● Exercise objective: Exactly the lines from the one containing "Small Garden Quartz Sphere" through the end of the data, and nothing more, should be retyped; pictures stay out.
++++++++++++++++++++
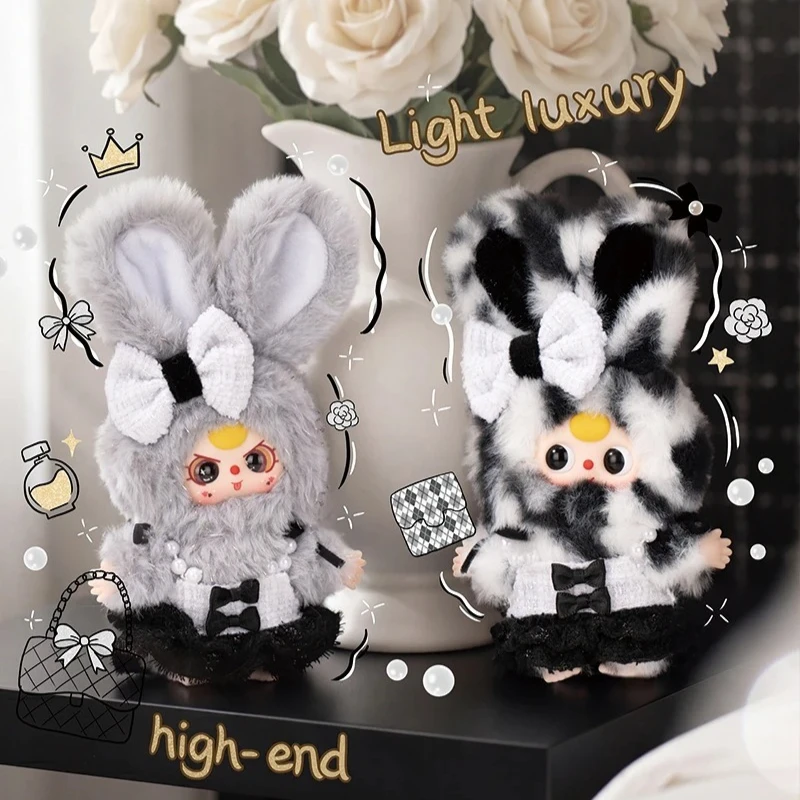 Baby Three Absolute Black & White Series Blind Box Vinyl Plush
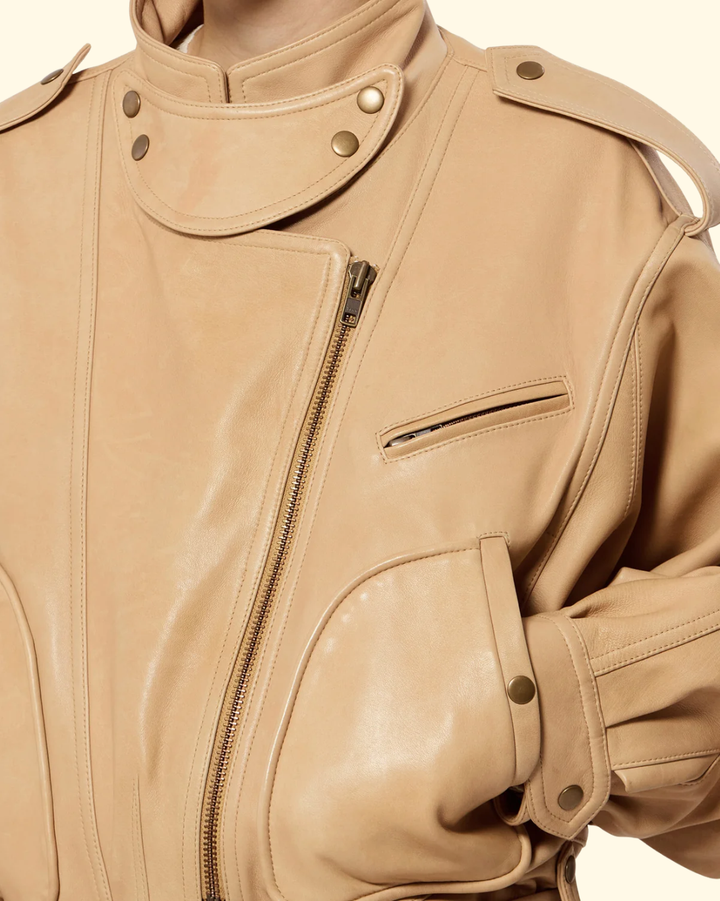 Farza Jacket | Beige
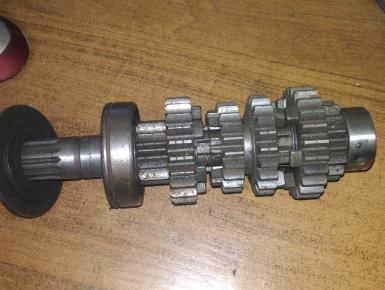 Шестерни главной передачи, Kawasaki, ZZR 600, 1992, 0, 0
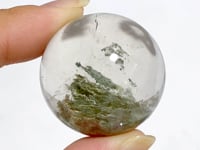 Small Garden Quartz Sphere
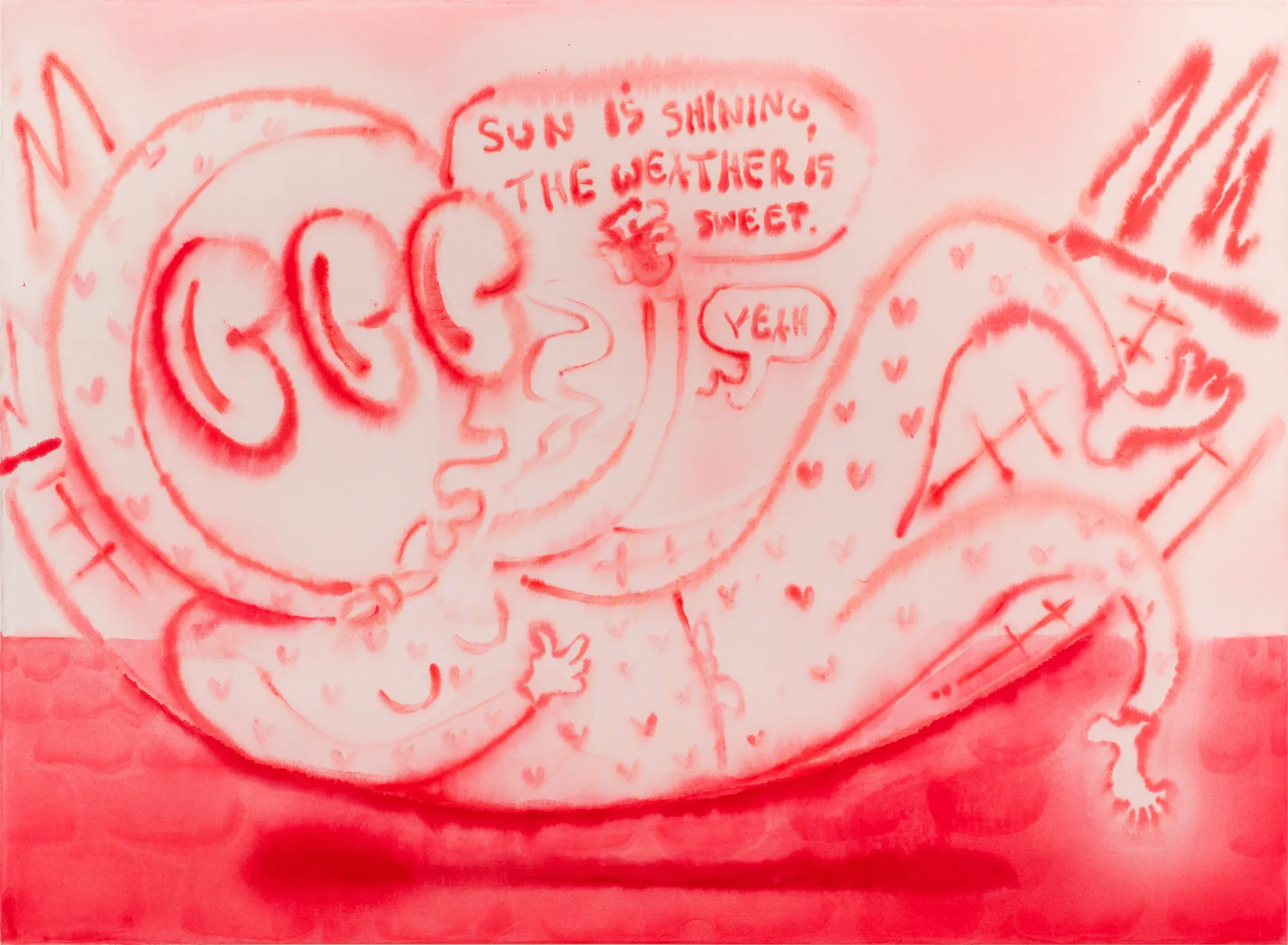 SUN IS SHINING, 2020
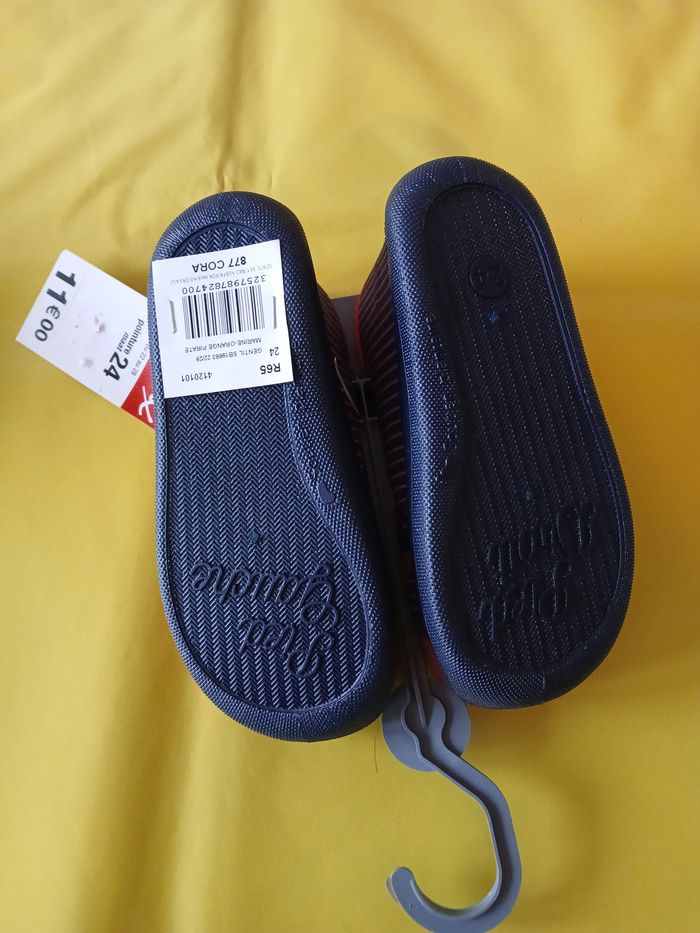 chaussons tresor pirate garcon 24 - photo numéro 3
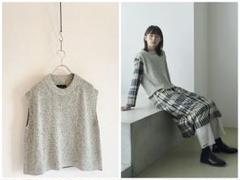 最新デザインの pallasPalace✨薄手ニット トップス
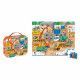 Puzzle Chantier 36 pièces en carton FSC et encres végétales made in France pour enfant Janod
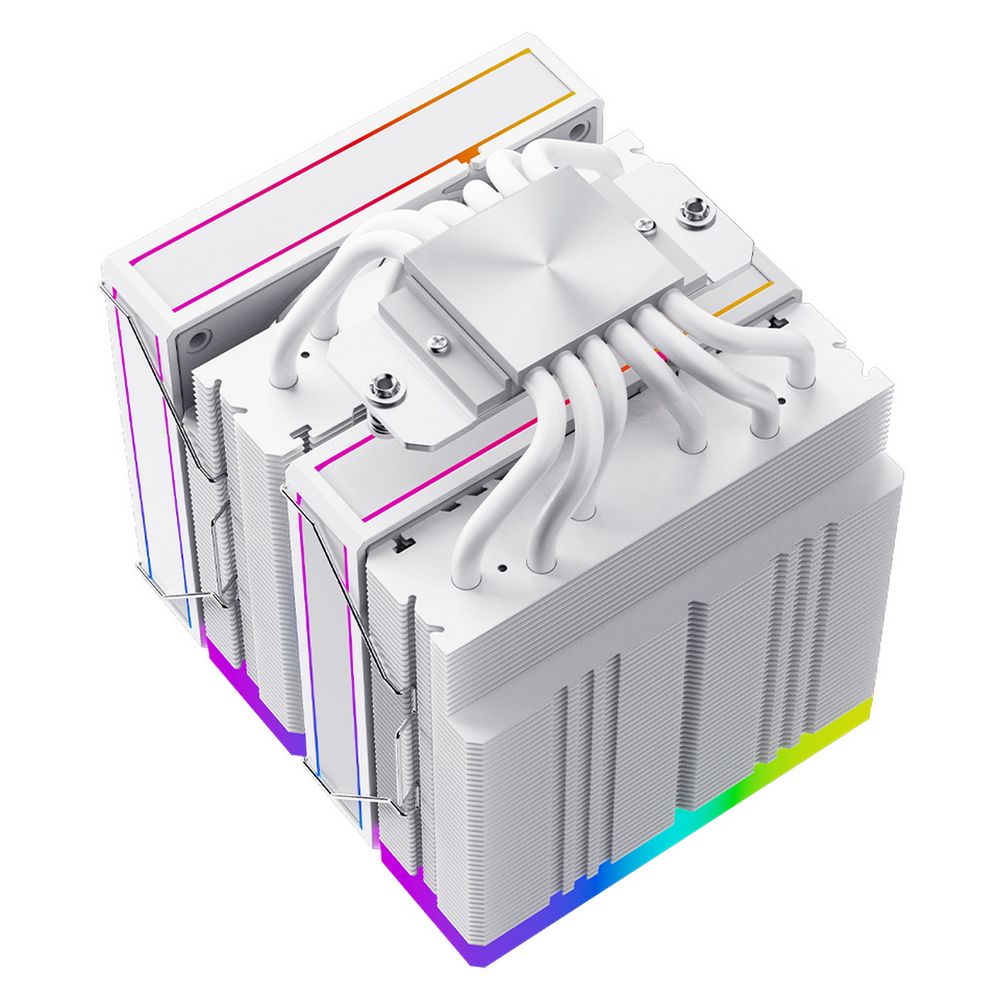 Вентилятор Cooler ID-Cooling FROZN A620 ARGB WHITE 270W/ Intel 1700, 12*, 115*, AMD AM5, AM4/ Screws — изображение 5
++++++++++++++++++++
● Output for this exercise:
 Small Garden Quartz Sphere
 SUN IS SHINING, 2020
 chaussons tresor pirate garcon 24 - photo numéro 3
 最新デザインの pallasPalace✨薄手ニット トップス
 Puzzle Chantier 36 pièces en carton FSC et encres végétales made in France pour enfant Janod
 Вентилятор Cooler ID-Cooling FROZN A620 ARGB WHITE 270W/ Intel 1700, 12*, 115*, AMD AM5, AM4/ Screws — изображение 5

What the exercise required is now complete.